Work to complete: Look for the line containing "Innistrad: Midnight Hunt #384" and the line containing "EUROPOL dhe INTERPOL" in the entries below. Copy those two and all lines between them exactly, leaving out pictures.

Data provided:
----------
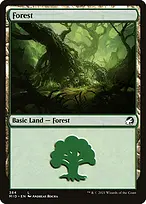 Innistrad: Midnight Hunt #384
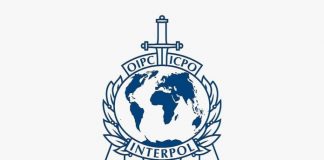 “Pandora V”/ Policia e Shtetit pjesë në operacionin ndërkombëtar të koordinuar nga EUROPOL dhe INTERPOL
----------
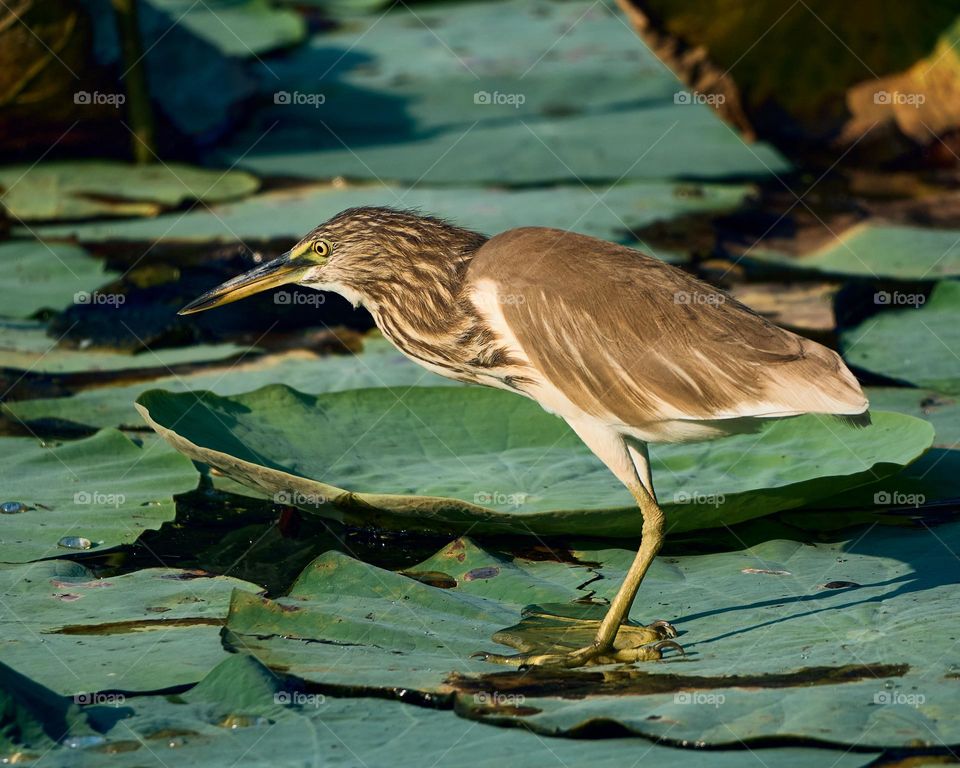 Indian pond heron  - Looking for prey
----------
Completed exercise:
 Innistrad: Midnight Hunt #384
 “Pandora V”/ Policia e Shtetit pjesë në operacionin ndërkombëtar të koordinuar nga EUROPOL dhe INTERPOL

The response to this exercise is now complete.